SUPPLIED MATERIAL:
:::::
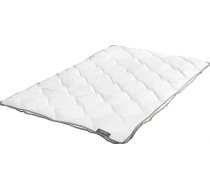 Badenia Bed Comfort 4 Seasons Steptā sega Trendline Micro Boil-Proof, 135 x 200 cm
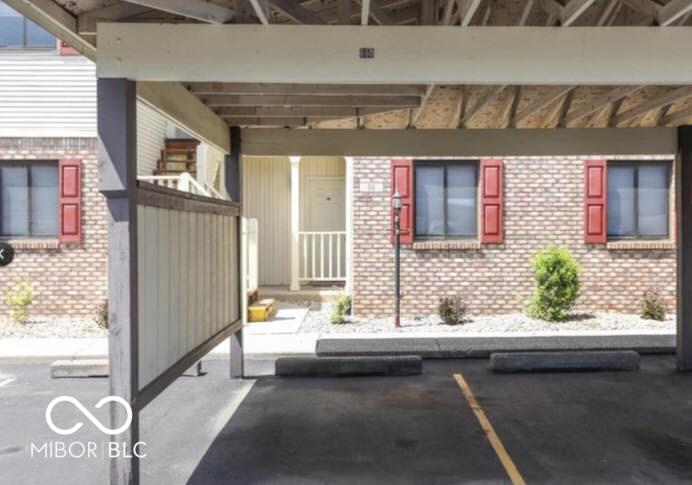 88 Keran Manor Court A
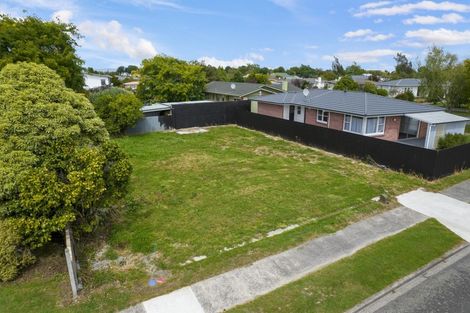 Photo of property in 15a Freyberg Street, Otumoetai, Tauranga, 3110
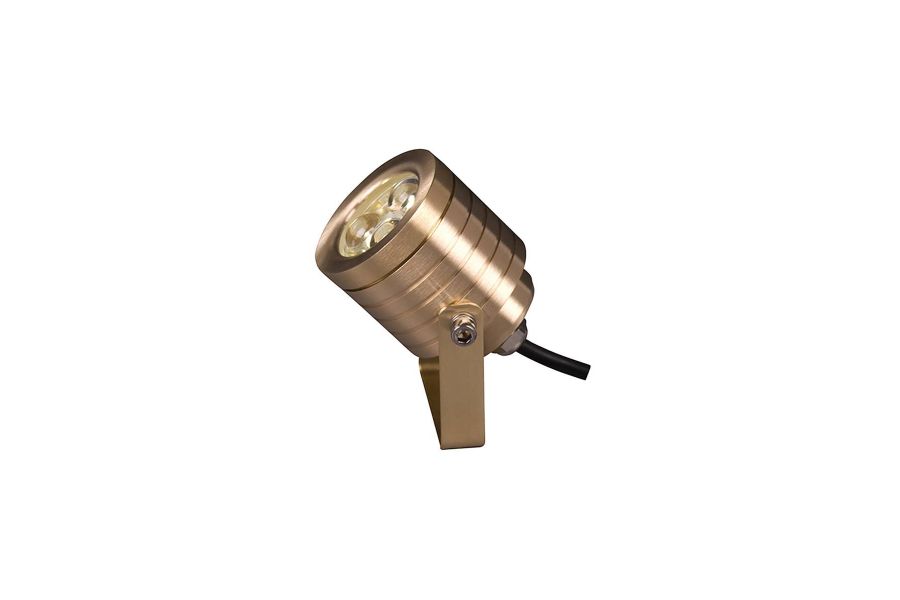 Ландшафтный светильник Elstead Lighting Elite GZ/ELITE6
:::::
WORK REQUIRED: Repeat the listing verbatim. Skip the pictures.

RESULT OF THIS EXERCISE:
 Badenia Bed Comfort 4 Seasons Steptā sega Trendline Micro Boil-Proof, 135 x 200 cm
 88 Keran Manor Court A
 Photo of property in 15a Freyberg Street, Otumoetai, Tauranga, 3110
 Ландшафтный светильник Elstead Lighting Elite GZ/ELITE6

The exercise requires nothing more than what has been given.